TASK GOAL ::
Extract every record, exactly as written, and ignore the pictures.

------ RECORDS FOR THIS EXERCISE

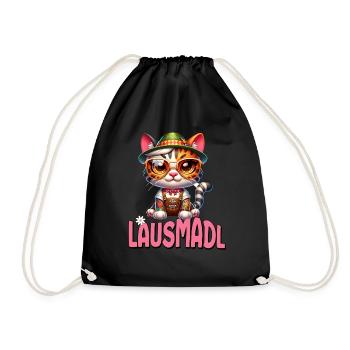 Tracht Damen Outfit Dirndl Ersatz Lausmadl - Drawstring Bag - black - Front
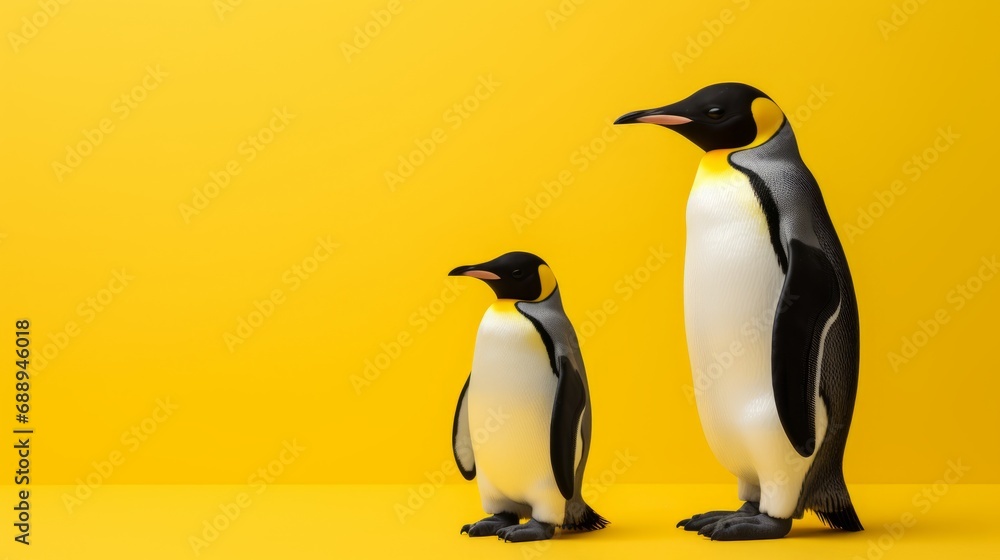 Fototapeta premium penguin pair: adorable statuettes on vibrant yellow background, wildlife-inspired decorpenguin pair: adorable statuettes on vibrant yellow background, wildlife-inspired decor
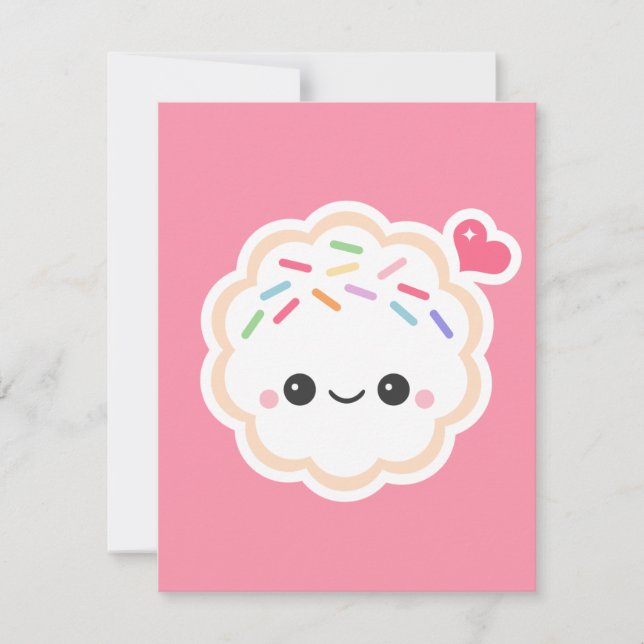 Cute Pink Cookie Birthday Party Invitations (Front)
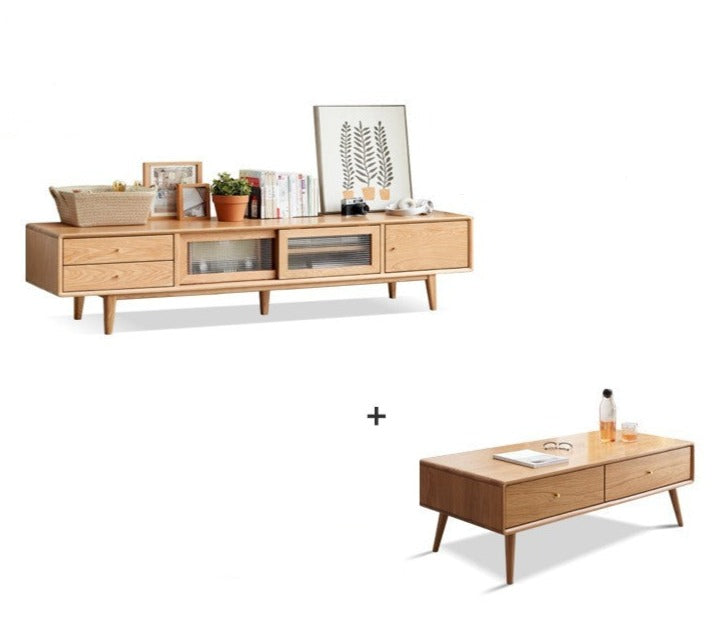 TV stand sliding door Oak, Beech solid wood"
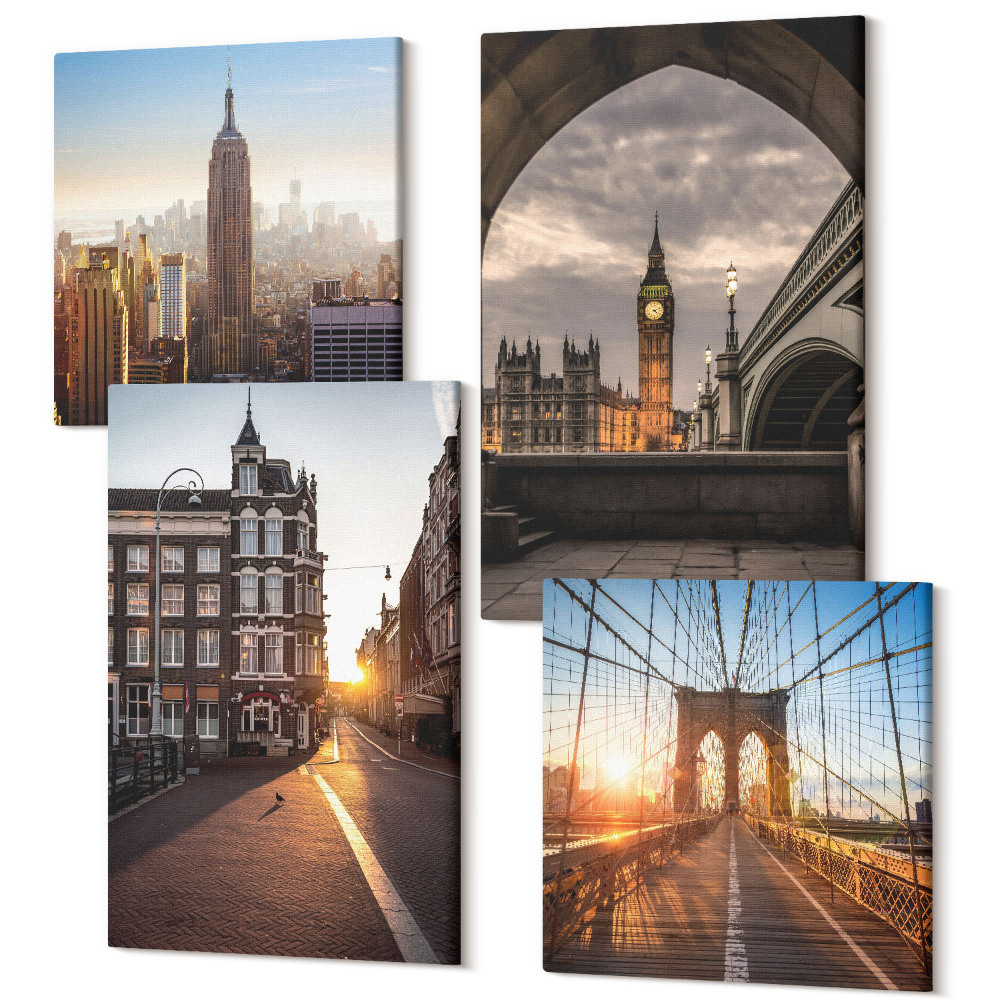 Tablouri multicanvas 4 piese Un set de poze cu un oraș, mâncare și o vedere a Londrei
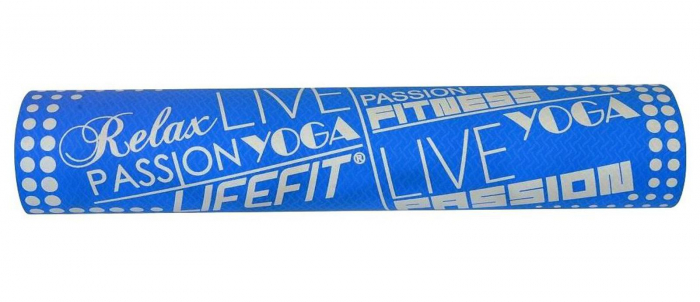 Saltea Yoga  LIFEFIT TPE 186x61x0.4 cm, albastru [2]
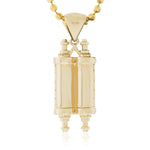 10K Yellow Gold .96ct Diamond Torah Pendant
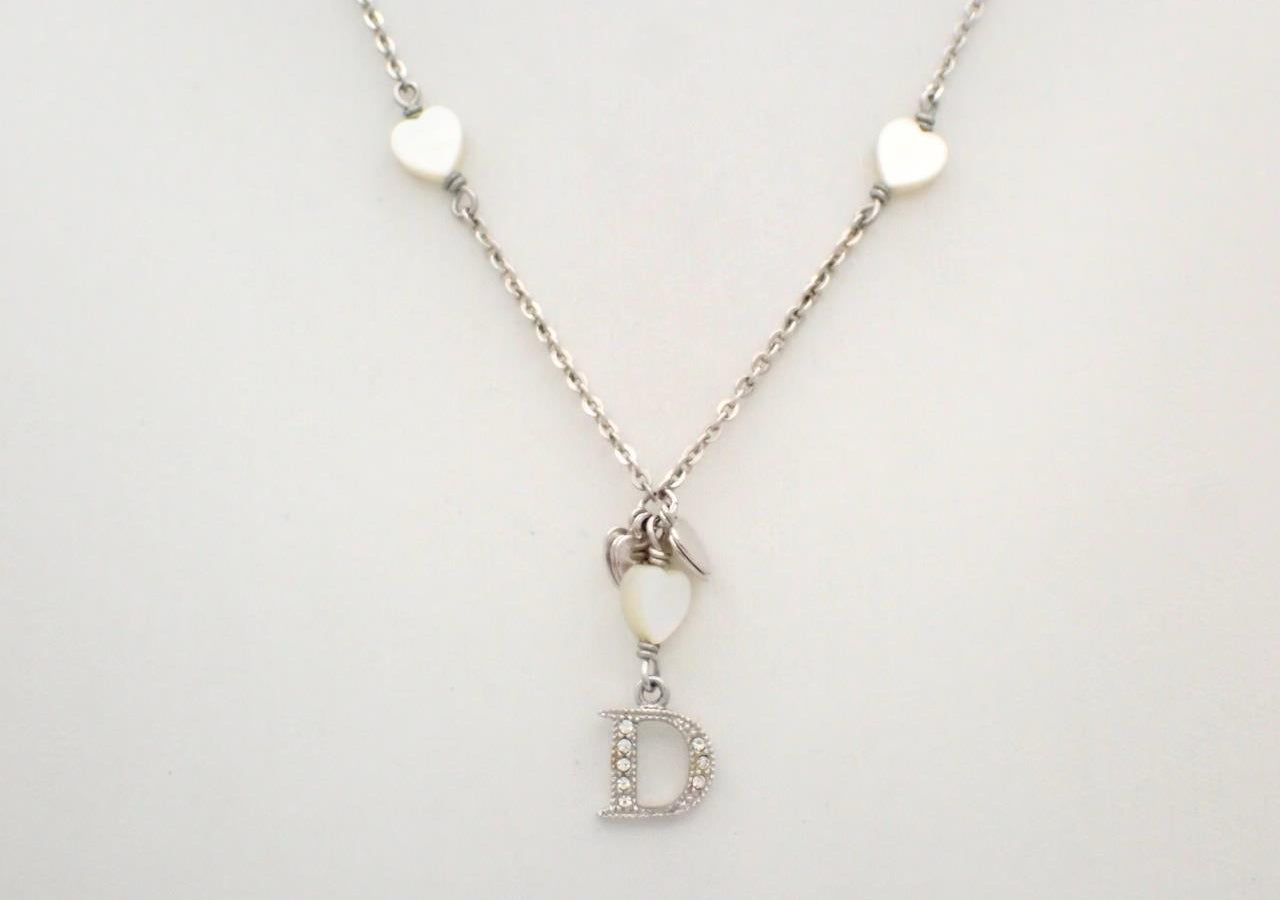 Vintage Dior White Mother of Pearl Heart-shaped Pendant Necklace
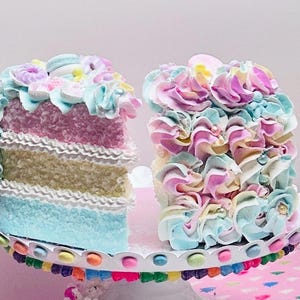 Large 5 Inch Fake Bake Cake Slice 3 Layer Pink Aqua Yellow Faux ...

------------

RESPONSE FOR THIS EXERCISE ::
 Tracht Damen Outfit Dirndl Ersatz Lausmadl - Drawstring Bag - black - Front
 Fototapeta premium penguin pair: adorable statuettes on vibrant yellow background, wildlife-inspired decorpenguin pair: adorable statuettes on vibrant yellow background, wildlife-inspired decor
 Cute Pink Cookie Birthday Party Invitations (Front)
 TV stand sliding door Oak, Beech solid wood"
 Tablouri multicanvas 4 piese Un set de poze cu un oraș, mâncare și o vedere a Londrei
 Saltea Yoga  LIFEFIT TPE 186x61x0.4 cm, albastru [2]
 10K Yellow Gold .96ct Diamond Torah Pendant
 Vintage Dior White Mother of Pearl Heart-shaped Pendant Necklace
 Large 5 Inch Fake Bake Cake Slice 3 Layer Pink Aqua Yellow Faux ...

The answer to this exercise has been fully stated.